Possible nvcc register usage bug

I have a CUDA problem that appears to be a compiler bug. It’s a fair amount of work to isolate the problem further, so I thought that I’d describe it and see if this is brand new or old hat.

I have a kernel (trilinearRunBy4) that attempts to do trilinear interpolation on an RGB pixel expressed as 3 bytes. The inner step is easy enough, and converts the RGB pixel into a CMYK value with a float4 representation, using two 2D texture lookups and interpolating the result (I wish that we had 3D lookups).

I fetch 4 bytes at a time from each of 3 separations and store 4 bytes at a time to 4 separations.
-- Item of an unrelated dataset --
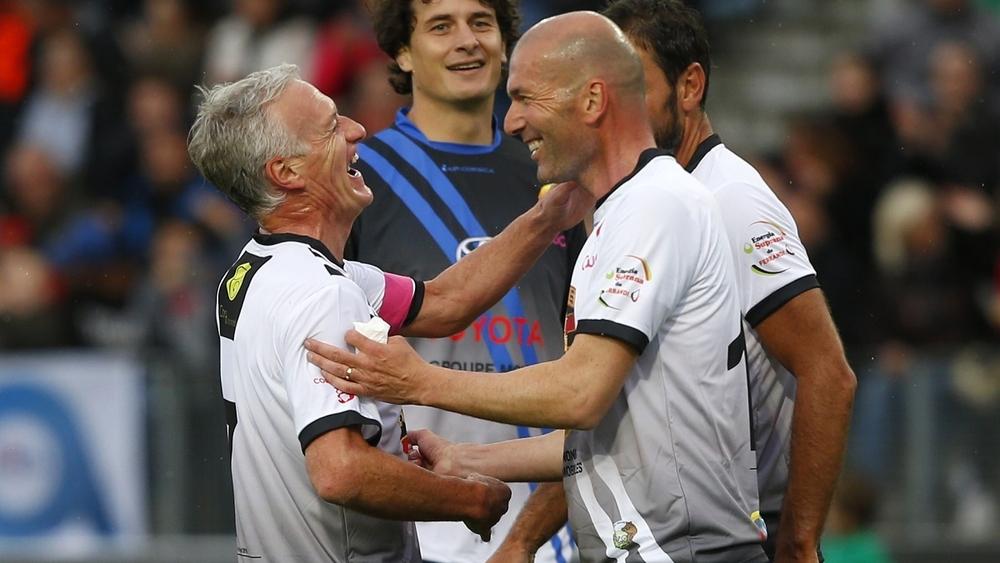 ديشان: "زيدان قد يصبح هو المدرب القادم للمنتخب الفرنسي"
This is MUCH better than a single byte at a time because I get to coalesce the global memory accesses. But it also leads to the problem.

The bug I’ve noted is that if I OMIT the noinline from the definition of oneSample that the compiler gets confused about register usage and I get the wrong values in the output. By including noinline I get the right results.

Further, if I omit the noinline, but add some code that does some useless floating point calculations on the results of oneSample, then I get the right results. I also get the right results in emulation.

So, the question is, should I go to the work of coming up with a simpler failing case?

For the record, I’m using CUDA 1.1 on Windows XP, with an EVGA 8800 GTX board, without overclocking.

// note: the following definition of FourBytes generates better code

// than using uchar4 (which would be more natural)

typedef unsigned char Byte;

typedef unsigned int FourBytes;

// use Intel byte order for FB and MK4

#define FB(XXX,NNN) ((XXX >> (NNN*8)) & 255)

#define MK4(X0,X1,X2,X3) (X0 + (X1 << 8) + (X2 << 16) + (X3 << 24))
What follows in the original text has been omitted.